LinuxLists.cc - [PATCH -next RFC v2 0/8] improve tag allocation under heavy load

2022-04-08 07:56:03

Subject: [PATCH -next RFC v2 0/8] improve tag allocation under heavy load

Changes in v2:
- use a new title
- add patches to fix waitqueues' unfairness - path 1-3
- delete patch to add queue flag
- delete patch to split big io thoroughly

There is a defect for blk-mq compare to blk-sq, specifically split io
will end up discontinuous if the device is under high io pressure, while
split io will still be continuous in sq, this is because:

1) new io can preempt tag even if there are lots of threads waiting.
2) split bio is issued one by one, if one bio can't get tag, it will go
to wail.
3) each time 8(or wake batch) requests is done, 8 waiters will be woken up.
Thus if a thread is woken up, it will unlikey to get multiple tags.

The problem was first found by upgrading kernel from v3.10 to v4.18,
test device is HDD with 256 'max_sectors_kb', and test case is issuing 1m
ios with high concurrency.

Noted that there is a precondition for such performance problem:
There is a certain gap between bandwith for single io with
bs=max_sectors_kb and disk upper limit.

During the test, I found that waitqueues can be extremly unbalanced on
heavy load.

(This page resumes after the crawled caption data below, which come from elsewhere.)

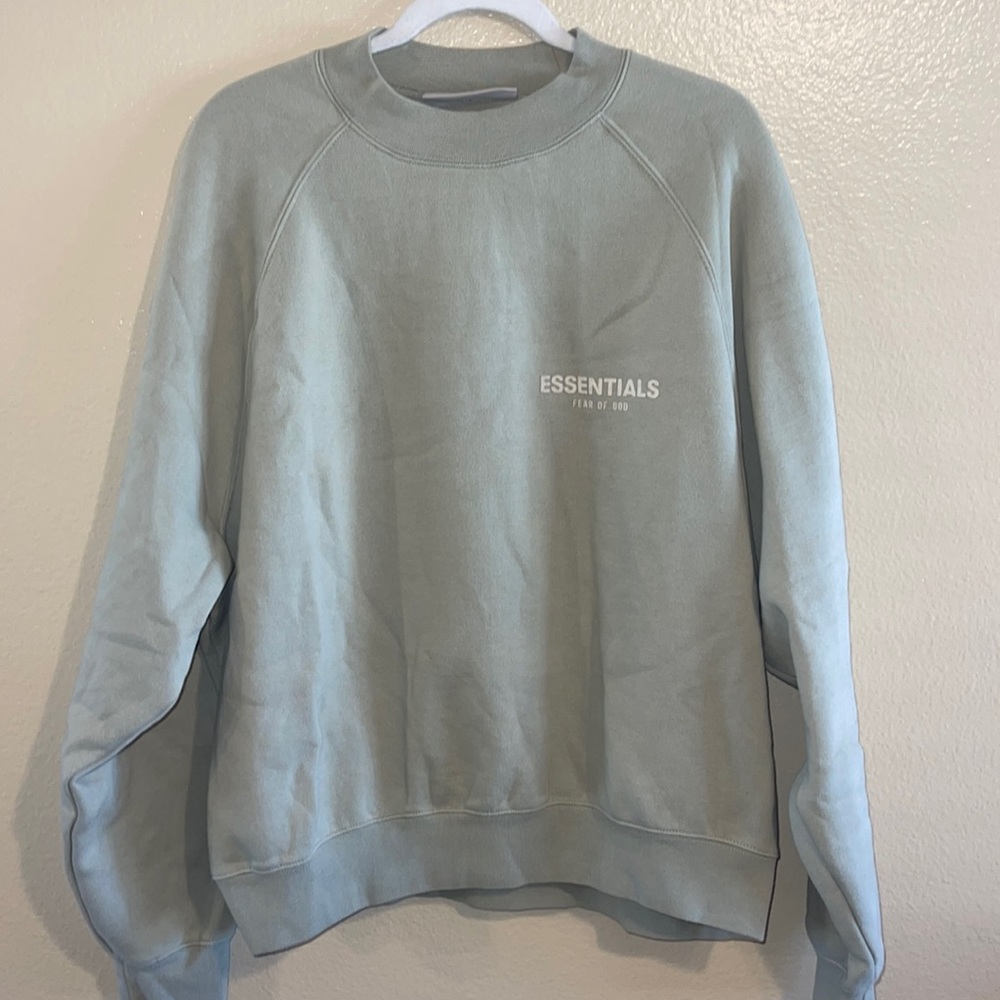 Essentials Fear of God Sweatshirt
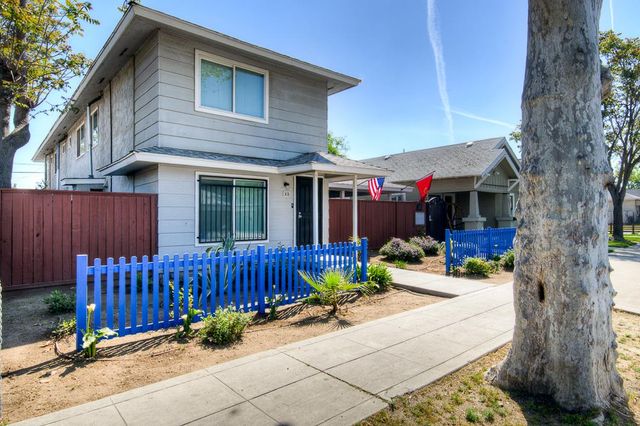 402 N Poplar Avenue, Fresno, CA 93701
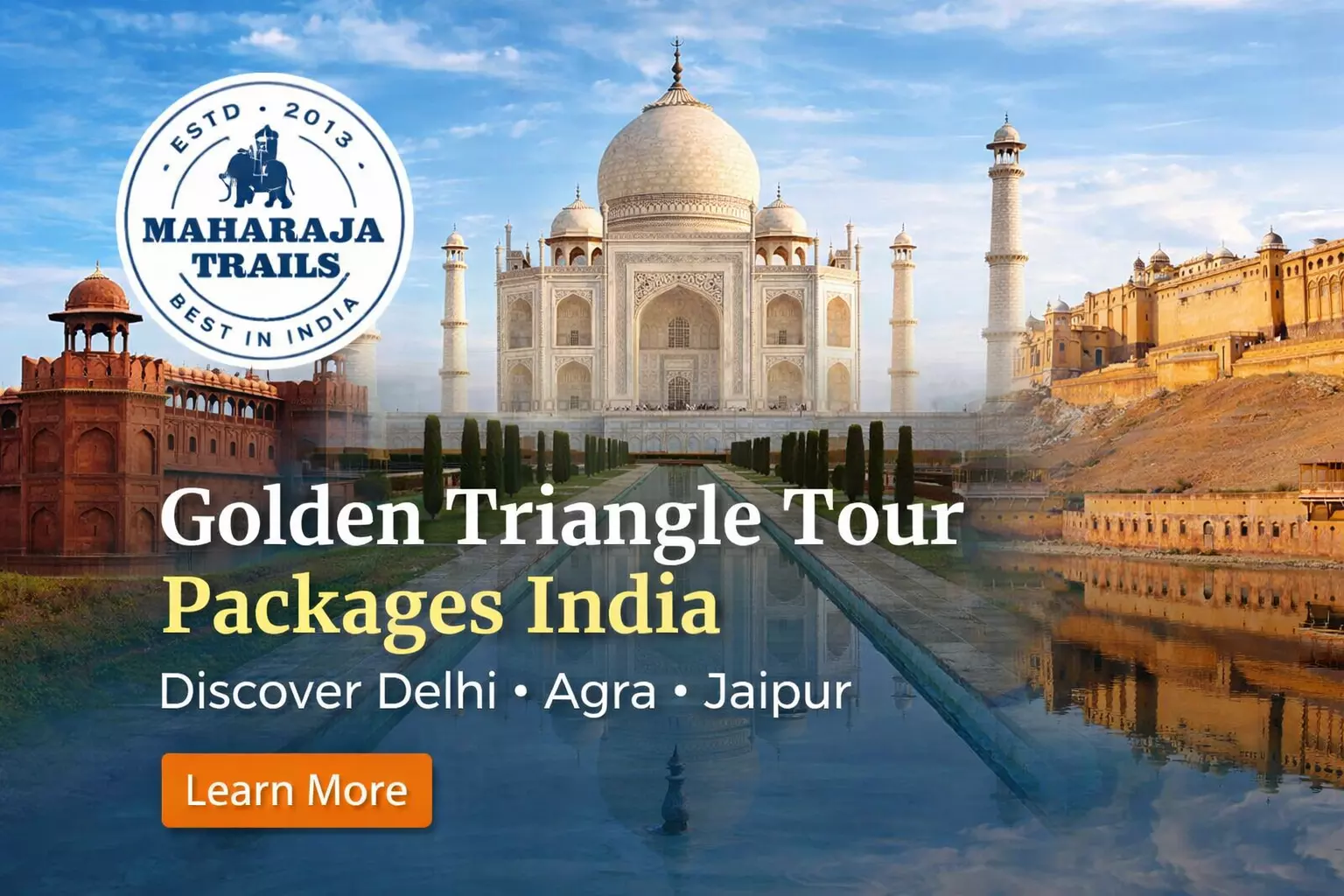5 Days Golden Triangle Tour: Complete Itinerary & Perfect Tour Duration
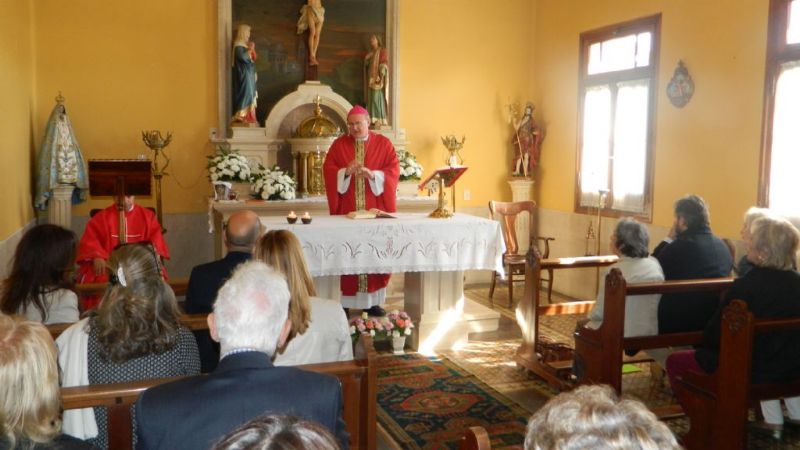 Se vive el clima de fiesta por los 100 años del Camarín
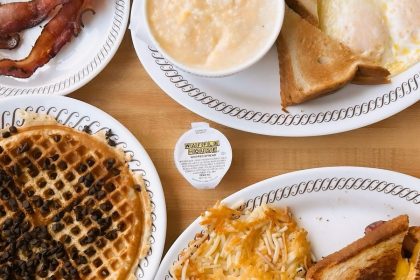 Waffle House Proposes New Site on Touchton Road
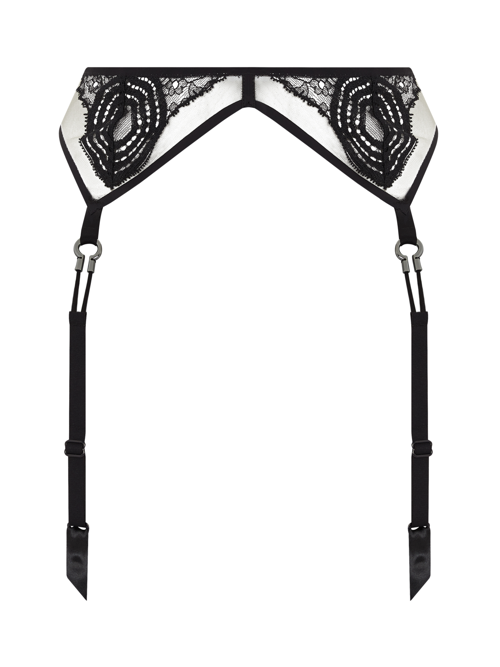 Chantelle X_SS23_T06F90-011_S_HYPNOTIC_SUSPENDER_BELT-PS1_EUR90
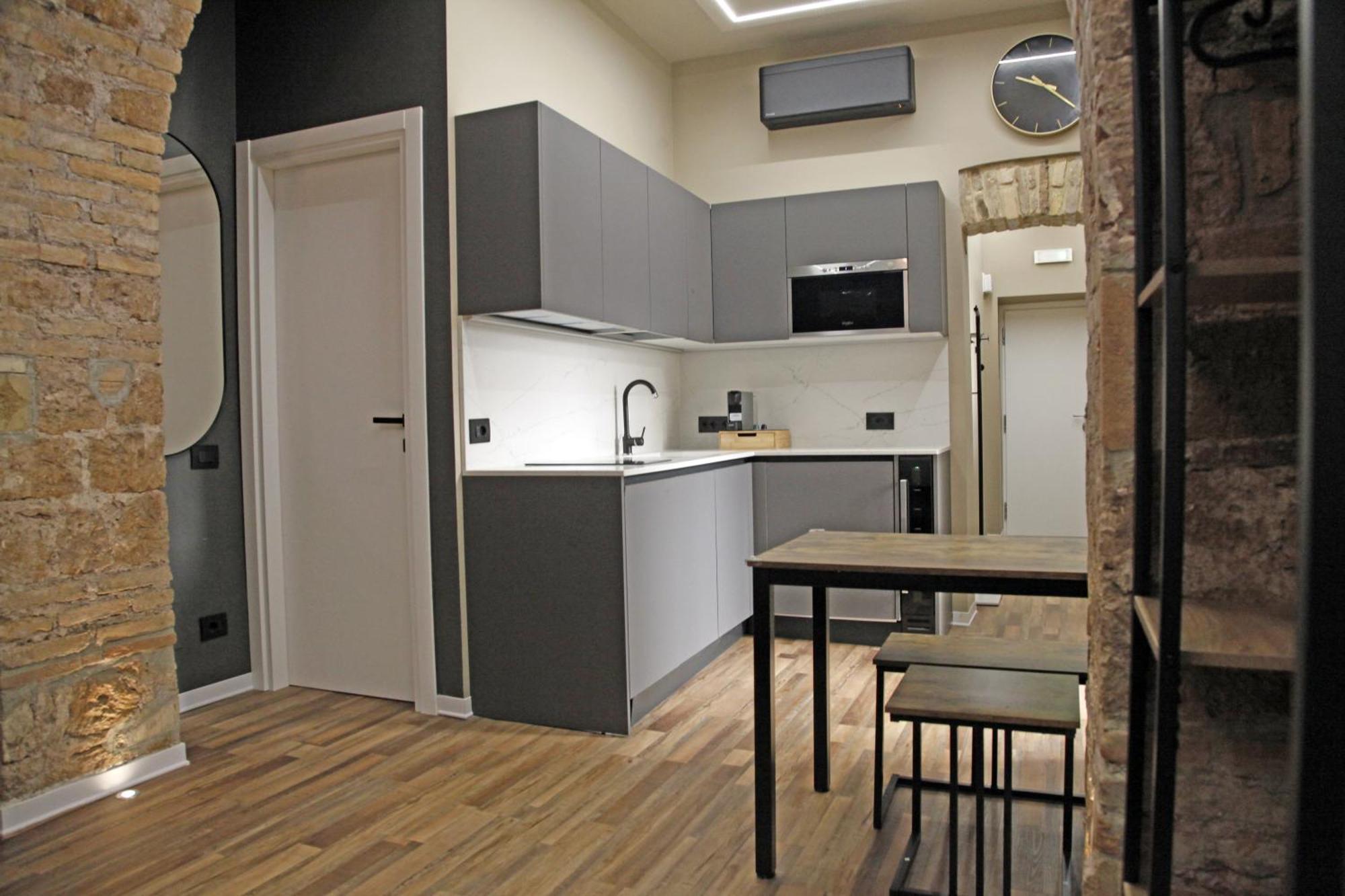 Apartment Unique Trastevere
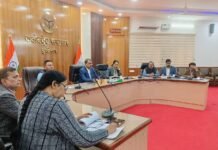 डीएम की अध्यक्षता में सी0एम0 डैशबोर्ड पर विकास कार्यक्रमों की समीक्षा बैठक हुई संपन्न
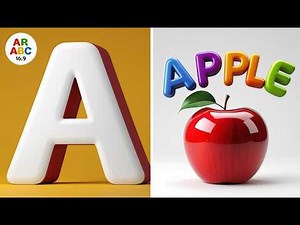 Super Fun ABC + Colors Game 🎉🌈 | Learn Letters Instantly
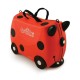 Trunki Luggage - Harley Ladybug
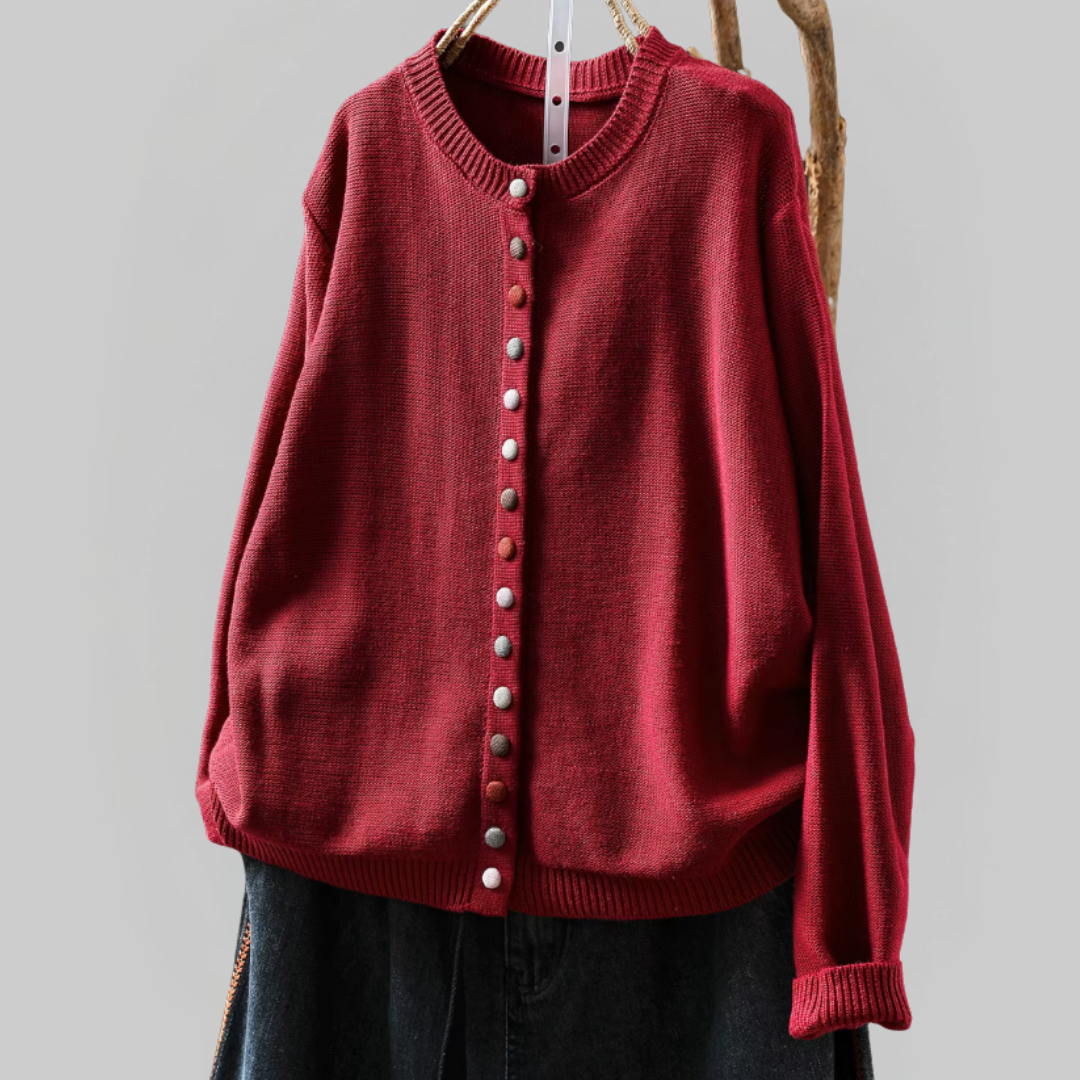 Ella | Elegant Cardigan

This is because 'wake_index' is not set properly in
__sbq_wake_up(), see details in patch 3.

In this patchset:
- patch 1-3 fix waitqueues' unfairness.
- patch 4,5 disable tag preemption on heavy load.
- patch 6 forces tag preemption for split bios.
- patch 7,8 improve large random io for HDD. As I mentioned above, we
do meet the problem and I'm trying to fix it at very low cost. However,
if anyone still thinks this is not a common case and not worth to
optimize, I'll drop them.

Test environment:
arm64, 96 core with 200 BogoMIPS, test device is HDD. The default
'max_sectors_kb' is 1280(Sorry that I was unable to test on the machine
where 'max_sectors_kb' is 256).

The single io performance(randwrite):

| bs | 128k | 256k | 512k | 1m | 1280k | 2m | 4m |
| -------- | ---- | ---- | ---- | ---- | ----- | ---- | ---- |
| bw MiB/s | 20.1 | 33.4 | 51.8 | 67.1 | 74.7 | 82.9 | 82.9 |

It can be seen that 1280k io is already close to upper limit, and it'll
be hard to see differences with the default value, thus I set
'max_sectors_kb' to 128 in the following test.

Test cmd:
fio \
-filename=/dev/$dev \
-name=test \
-ioengine=psync \
-allow_mounted_write=0 \
-group_reporting \
-direct=1 \
-offset_increment=1g \
-rw=randwrite \
-bs=1024k \
-numjobs={1,2,4,8,16,32,64,128,256,512} \
-runtime=110 \
-ramp_time=10

Test result: MiB/s

| numjobs | v5.18-rc1 | v5.18-rc1-patched |
| ------- | --------- | ----------------- |
| 1 | 67.7 | 67.7 |
| 2 | 67.7 | 67.7 |
| 4 | 67.7 | 67.7 |
| 8 | 67.7 | 67.7 |
| 16 | 64.8 | 65.2 |
| 32 | 59.8 | 62.8 |
| 64 | 54.9 | 58.6 |
| 128 | 49 | 55.8 |
| 256 | 37.7 | 52.3 |
| 512 | 31.8 | 51.4 |

Yu Kuai (8):
sbitmap: record the number of waiters for each waitqueue
blk-mq: call 'bt_wait_ptr()' later in blk_mq_get_tag()
sbitmap: make sure waitqueues are balanced
blk-mq: don't preempt tag on heavy load
sbitmap: force tag preemption if free tags are sufficient
blk-mq: force tag preemption for split bios
blk-mq: record how many tags are needed for splited bio
sbitmap: wake up the number of threads based on required tags

block/blk-merge.c | 9 ++-
block/blk-mq-tag.c | 42 +++++++++-----
block/blk-mq.c | 25 +++++++-
block/blk-mq.h | 2 +
include/linux/blk_types.h | 4 ++
include/linux/sbitmap.h | 9 +++
lib/sbitmap.c | 117 +++++++++++++++++++++++++-------------
7 files changed, 150 insertions(+), 58 deletions(-)

--
2.31.1

2022-04-08 07:59:24

by Yu Kuai

[permalink] [raw]

Subject: [PATCH -next RFC v2 7/8] blk-mq: record how many tags are needed for splited bio

Currently, each time 8(or wake batch) requests is done, 8 waiters will
be woken up, this is not necessary because we only need to make sure
wakers will use up 8 tags. For example, if we know in advance that a
thread need 8 tags, then wake up one thread is enough, and this can also
avoid unnecessary context switch.

This patch tries to provide such information that how many tags will
be needed for huge io, and it will be used in next patch.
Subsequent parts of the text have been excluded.